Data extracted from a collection
[Start of Attachment]

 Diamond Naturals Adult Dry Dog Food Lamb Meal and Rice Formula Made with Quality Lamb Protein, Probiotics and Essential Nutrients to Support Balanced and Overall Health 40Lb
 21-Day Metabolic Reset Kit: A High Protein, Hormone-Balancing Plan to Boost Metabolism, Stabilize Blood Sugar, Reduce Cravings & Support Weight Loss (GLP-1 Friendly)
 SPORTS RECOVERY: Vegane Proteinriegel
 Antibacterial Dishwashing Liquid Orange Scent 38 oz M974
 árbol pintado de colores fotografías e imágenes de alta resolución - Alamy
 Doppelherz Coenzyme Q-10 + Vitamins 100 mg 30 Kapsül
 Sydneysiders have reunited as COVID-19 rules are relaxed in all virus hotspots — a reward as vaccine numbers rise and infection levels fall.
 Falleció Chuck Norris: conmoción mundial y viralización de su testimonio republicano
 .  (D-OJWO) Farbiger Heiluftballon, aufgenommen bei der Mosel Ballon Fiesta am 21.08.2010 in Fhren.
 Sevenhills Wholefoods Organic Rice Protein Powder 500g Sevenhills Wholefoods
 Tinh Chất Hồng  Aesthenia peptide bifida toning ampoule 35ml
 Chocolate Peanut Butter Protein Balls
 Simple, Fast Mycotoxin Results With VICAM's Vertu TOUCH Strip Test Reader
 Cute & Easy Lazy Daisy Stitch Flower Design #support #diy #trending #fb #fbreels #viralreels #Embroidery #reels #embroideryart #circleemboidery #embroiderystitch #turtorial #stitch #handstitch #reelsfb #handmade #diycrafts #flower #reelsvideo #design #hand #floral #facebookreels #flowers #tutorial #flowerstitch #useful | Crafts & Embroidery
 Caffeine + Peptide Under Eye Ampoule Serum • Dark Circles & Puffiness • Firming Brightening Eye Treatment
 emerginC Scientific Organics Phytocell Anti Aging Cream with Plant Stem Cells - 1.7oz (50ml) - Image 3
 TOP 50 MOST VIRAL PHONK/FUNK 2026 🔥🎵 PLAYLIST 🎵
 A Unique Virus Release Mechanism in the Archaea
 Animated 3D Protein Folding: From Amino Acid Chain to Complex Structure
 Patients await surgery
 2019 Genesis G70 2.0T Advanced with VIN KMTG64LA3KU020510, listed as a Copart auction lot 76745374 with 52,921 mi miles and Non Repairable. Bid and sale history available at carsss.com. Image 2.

[End of Attachment]

Using the data above, reproduce exactly the lines between those holding "Sevenhills Wholefoods Organic" and "Animated 3D Protein", inclusive, and no others.

 Sevenhills Wholefoods Organic Rice Protein Powder 500g Sevenhills Wholefoods
 Tinh Chất Hồng  Aesthenia peptide bifida toning ampoule 35ml
 Chocolate Peanut Butter Protein Balls
 Simple, Fast Mycotoxin Results With VICAM's Vertu TOUCH Strip Test Reader
 Cute & Easy Lazy Daisy Stitch Flower Design #support #diy #trending #fb #fbreels #viralreels #Embroidery #reels #embroideryart #circleemboidery #embroiderystitch #turtorial #stitch #handstitch #reelsfb #handmade #diycrafts #flower #reelsvideo #design #hand #floral #facebookreels #flowers #tutorial #flowerstitch #useful | Crafts & Embroidery
 Caffeine + Peptide Under Eye Ampoule Serum • Dark Circles & Puffiness • Firming Brightening Eye Treatment
 emerginC Scientific Organics Phytocell Anti Aging Cream with Plant Stem Cells - 1.7oz (50ml) - Image 3
 TOP 50 MOST VIRAL PHONK/FUNK 2026 🔥🎵 PLAYLIST 🎵
 A Unique Virus Release Mechanism in the Archaea
 Animated 3D Protein Folding: From Amino Acid Chain to Complex Structure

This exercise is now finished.